The BHP Fund, meanwhile, was said by the Sterling Eagle receiver to have been paid $600,000 from proceeds relating to the same sale, under an agreement that entitled the fund to 15 per cent of such sums.

However, the three BHP Fund investors alleged that under EFG’s supervision, the receiver sold Sterling Eagle assets “on a distress basis, at significantly lower prices than their pre-receivership values”.

“Sterling Eagle has been wound up, the funds due from Sterling Eagle have become uncollectable, and the Fund is insolvent and is expected to be wound-up, with all equity investment made by the plaintiffs and others totally lost,” the investors alleged.

When it came to the Fund’s dealings with the Securities Commission, the investors alleged that EFG “falsely represented” to its primary regulator on June 30,2010, that there was $22.5 million in assets under management - almost double the $11.5 million “maximum at any time”.

The investors also alleged that the BHP Fund’s net asset value (NAV) position was not correctly communicated to the regulator, with investment returns shown as 61 per cent and 82 per cent for the 2010 first and second quarters - “whereas the actual return on investment to-date has been zero”.

The NAV was allegedly shown in filings with the Securities Commission as ranging from $22 million to $144 million, with the largest investors - and their respective holdings - also stated incorrectly in regulatory filings.

Comments

banker says...

Sigh, pirates of the Bahamas again. More reasons why not to trust Bahamian Financial Services. Another black eye in the world marketplace.

Posted 14 January 2015, 9:01 a.m. Suggest removal

GrassRoot says...

yep, however seems more like an international coalition of pirates based in the Bahamas.
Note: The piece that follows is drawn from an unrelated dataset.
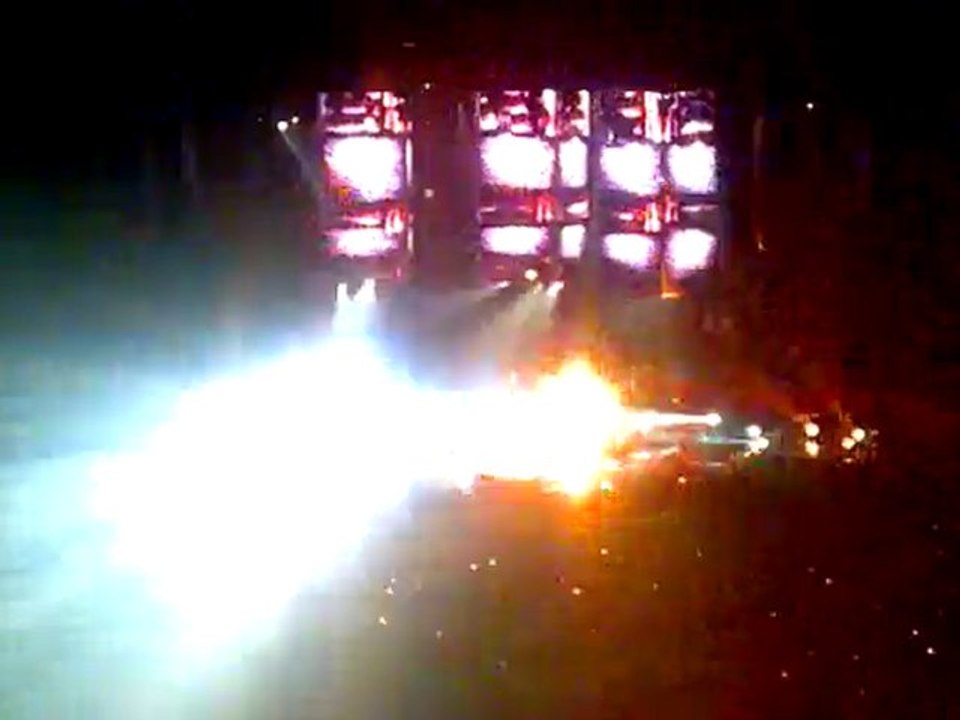 Muse - Hysteria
EFG has the ability to make the news quite regularly with law suits about disappeared monies and unsuitable third party managers/fund managers/fiduciaries involved, there seems to have been a management issue for quite some time.

Posted 14 January 2015, 11:08 a.m. Suggest removal

JB357 says...

Another CLICOOOOOOOOOOO!!!!! Well motorbiiiiiiiiiiike!!!!! Money gone.......poof!!!!

Posted 14 January 2015, 4:27 p.m. Suggest removal

ElliottNess says...

How many times do we have to read about EFG scandals before something is done about them. As I recall, they are involved as a feeder fund to Bernie Madoff, some kind of a stock swindle in Sweden, some kind of a rip-off of investors in Egypt involving Mubarack's sons and I'm pretty sure I'm missing some. Now this here in the Bahamas. Some 'trusted' Swiss bank!

Posted 14 January 2015, 8:50 p.m. Suggest removal

JB357 says...

Another case of crookery and book cookery!!!